▶ **Material to process**:

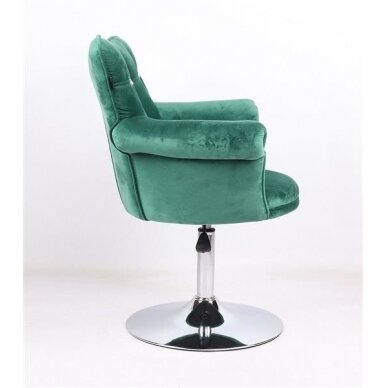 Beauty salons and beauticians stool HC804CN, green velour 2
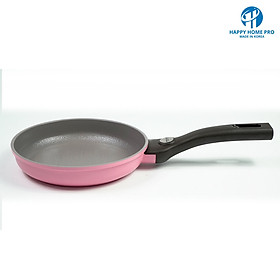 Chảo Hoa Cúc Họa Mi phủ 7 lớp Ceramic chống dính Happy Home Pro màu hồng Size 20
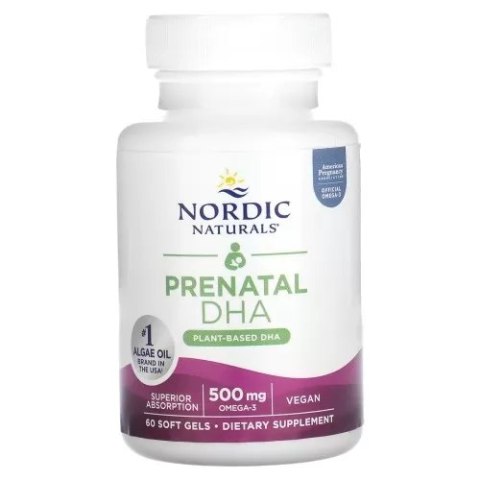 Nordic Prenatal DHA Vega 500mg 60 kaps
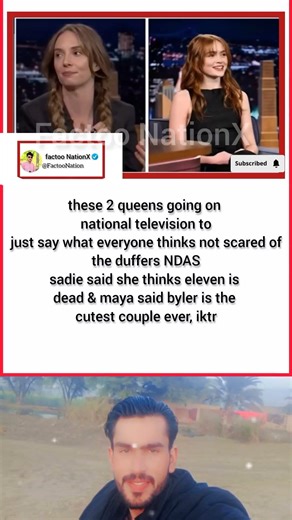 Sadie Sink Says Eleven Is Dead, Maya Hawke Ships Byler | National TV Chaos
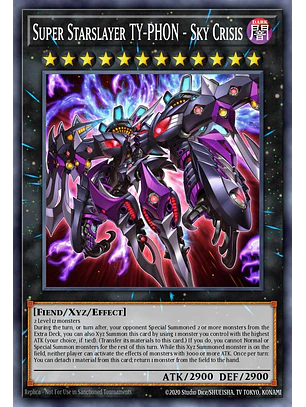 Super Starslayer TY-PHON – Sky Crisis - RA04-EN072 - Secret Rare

▶ **Work order**:
Retype, please, exactly the lines that begin with the one containing "Sadie Sink Says" and end at the last line of the entries above, both included, leaving out pictures.

▶ **Solution for this problem**:
 Sadie Sink Says Eleven Is Dead, Maya Hawke Ships Byler | National TV Chaos
 Super Starslayer TY-PHON – Sky Crisis - RA04-EN072 - Secret Rare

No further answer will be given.